Exercise brief. The lines below are to be quoted exactly, from the first through the one that contains "PARKSIDE® Nasadki do".

Raw data.
-- Opening Marker --

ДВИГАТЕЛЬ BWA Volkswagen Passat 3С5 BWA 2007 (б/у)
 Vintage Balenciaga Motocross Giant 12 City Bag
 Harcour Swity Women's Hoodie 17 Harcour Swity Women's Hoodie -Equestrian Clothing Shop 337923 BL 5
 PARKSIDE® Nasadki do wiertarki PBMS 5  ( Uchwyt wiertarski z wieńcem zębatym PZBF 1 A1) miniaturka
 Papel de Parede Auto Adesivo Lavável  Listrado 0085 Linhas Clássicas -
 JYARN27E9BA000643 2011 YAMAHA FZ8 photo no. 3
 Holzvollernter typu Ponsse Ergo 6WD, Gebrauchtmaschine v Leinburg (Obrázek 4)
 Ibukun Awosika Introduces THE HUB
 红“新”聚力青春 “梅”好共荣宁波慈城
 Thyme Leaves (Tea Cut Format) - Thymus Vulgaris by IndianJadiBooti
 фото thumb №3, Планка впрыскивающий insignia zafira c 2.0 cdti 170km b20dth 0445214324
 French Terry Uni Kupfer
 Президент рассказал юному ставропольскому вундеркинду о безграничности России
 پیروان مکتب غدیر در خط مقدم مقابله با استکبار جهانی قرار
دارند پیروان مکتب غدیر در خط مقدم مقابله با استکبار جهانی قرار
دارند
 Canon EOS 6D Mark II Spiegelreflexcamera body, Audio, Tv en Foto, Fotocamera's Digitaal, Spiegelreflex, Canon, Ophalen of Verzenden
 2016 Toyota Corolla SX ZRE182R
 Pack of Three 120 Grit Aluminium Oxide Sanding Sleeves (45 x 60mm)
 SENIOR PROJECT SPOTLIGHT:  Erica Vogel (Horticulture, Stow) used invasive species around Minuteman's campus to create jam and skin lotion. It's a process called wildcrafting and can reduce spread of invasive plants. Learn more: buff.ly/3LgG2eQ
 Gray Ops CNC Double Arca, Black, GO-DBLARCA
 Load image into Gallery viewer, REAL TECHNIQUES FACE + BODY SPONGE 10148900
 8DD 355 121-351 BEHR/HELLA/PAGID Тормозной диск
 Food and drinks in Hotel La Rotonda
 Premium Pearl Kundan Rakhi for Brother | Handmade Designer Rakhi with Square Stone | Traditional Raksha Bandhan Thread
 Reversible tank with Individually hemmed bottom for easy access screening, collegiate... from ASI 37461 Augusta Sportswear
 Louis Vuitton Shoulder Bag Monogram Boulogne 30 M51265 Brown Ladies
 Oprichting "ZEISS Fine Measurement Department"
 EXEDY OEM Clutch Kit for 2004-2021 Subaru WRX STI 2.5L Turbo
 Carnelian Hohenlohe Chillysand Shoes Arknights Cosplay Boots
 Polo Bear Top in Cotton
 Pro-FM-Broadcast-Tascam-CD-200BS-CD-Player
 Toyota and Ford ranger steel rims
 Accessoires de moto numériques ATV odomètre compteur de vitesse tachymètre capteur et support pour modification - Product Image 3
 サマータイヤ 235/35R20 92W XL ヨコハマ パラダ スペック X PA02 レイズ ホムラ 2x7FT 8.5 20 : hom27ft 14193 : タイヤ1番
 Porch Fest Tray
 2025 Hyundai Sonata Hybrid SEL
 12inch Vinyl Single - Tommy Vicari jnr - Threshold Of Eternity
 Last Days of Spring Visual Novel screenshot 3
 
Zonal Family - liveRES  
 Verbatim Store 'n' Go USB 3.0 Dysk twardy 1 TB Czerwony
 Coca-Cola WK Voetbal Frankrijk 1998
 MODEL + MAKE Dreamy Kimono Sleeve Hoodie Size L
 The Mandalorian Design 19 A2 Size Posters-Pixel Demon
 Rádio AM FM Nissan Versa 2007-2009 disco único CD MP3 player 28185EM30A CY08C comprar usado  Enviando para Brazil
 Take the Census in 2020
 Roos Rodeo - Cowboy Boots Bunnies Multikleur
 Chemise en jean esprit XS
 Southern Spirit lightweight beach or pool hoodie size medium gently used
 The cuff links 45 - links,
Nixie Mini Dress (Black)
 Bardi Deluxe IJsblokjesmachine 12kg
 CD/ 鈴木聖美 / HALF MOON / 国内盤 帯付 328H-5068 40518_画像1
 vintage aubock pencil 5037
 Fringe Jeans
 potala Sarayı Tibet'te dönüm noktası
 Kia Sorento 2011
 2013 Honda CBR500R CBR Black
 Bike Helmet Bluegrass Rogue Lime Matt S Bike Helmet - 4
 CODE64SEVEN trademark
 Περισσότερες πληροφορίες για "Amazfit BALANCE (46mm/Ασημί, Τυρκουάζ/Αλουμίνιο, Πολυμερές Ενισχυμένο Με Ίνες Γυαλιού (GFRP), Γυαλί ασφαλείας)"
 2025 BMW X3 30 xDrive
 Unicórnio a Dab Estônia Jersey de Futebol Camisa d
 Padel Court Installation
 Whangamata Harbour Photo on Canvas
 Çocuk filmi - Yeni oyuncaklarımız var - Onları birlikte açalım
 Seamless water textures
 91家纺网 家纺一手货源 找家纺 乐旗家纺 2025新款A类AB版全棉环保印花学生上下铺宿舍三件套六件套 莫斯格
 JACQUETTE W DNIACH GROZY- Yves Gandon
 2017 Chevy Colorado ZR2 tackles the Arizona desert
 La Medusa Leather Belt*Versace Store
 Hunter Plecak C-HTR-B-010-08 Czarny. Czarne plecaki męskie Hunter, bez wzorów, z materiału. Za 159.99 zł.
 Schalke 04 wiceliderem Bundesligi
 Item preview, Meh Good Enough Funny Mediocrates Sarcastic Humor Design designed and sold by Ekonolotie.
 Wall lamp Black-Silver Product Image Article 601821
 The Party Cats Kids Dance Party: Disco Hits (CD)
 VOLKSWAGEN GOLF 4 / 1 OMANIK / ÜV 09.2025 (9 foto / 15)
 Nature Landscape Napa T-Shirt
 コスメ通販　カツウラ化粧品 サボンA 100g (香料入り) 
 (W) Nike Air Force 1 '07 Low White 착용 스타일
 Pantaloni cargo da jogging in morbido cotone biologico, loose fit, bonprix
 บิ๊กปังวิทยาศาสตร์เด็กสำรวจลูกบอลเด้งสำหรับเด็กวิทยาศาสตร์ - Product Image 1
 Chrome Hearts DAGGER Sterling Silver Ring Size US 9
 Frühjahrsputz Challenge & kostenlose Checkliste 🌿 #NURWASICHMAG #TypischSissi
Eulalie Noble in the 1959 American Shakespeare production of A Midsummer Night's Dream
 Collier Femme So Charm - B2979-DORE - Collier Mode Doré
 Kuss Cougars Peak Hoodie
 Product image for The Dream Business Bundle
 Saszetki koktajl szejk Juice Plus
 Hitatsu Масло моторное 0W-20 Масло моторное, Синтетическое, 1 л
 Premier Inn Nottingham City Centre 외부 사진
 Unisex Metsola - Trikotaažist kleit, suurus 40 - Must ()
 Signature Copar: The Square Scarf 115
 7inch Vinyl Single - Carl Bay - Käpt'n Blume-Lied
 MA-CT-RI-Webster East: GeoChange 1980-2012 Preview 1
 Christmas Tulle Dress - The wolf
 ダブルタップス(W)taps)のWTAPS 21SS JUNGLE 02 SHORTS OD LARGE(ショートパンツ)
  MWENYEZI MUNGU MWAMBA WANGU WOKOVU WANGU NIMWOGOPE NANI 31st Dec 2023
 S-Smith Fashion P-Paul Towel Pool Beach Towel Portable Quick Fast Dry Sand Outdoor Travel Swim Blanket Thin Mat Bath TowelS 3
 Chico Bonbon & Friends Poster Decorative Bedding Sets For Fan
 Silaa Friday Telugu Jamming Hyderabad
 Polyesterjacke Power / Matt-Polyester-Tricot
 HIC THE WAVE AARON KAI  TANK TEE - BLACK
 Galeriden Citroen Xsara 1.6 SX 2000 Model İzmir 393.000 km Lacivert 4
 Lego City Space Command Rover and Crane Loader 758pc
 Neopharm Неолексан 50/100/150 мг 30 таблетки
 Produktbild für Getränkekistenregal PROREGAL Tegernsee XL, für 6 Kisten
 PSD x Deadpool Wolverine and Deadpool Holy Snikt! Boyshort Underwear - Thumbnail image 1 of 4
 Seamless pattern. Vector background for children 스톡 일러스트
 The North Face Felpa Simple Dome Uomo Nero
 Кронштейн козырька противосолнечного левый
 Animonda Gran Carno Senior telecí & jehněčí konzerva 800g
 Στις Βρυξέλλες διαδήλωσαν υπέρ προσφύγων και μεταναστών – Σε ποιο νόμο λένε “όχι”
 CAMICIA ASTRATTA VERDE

-- Closing Marker --

Exercise solution.
ДВИГАТЕЛЬ BWA Volkswagen Passat 3С5 BWA 2007 (б/у)
 Vintage Balenciaga Motocross Giant 12 City Bag
 Harcour Swity Women's Hoodie 17 Harcour Swity Women's Hoodie -Equestrian Clothing Shop 337923 BL 5
 PARKSIDE® Nasadki do wiertarki PBMS 5  ( Uchwyt wiertarski z wieńcem zębatym PZBF 1 A1) miniaturka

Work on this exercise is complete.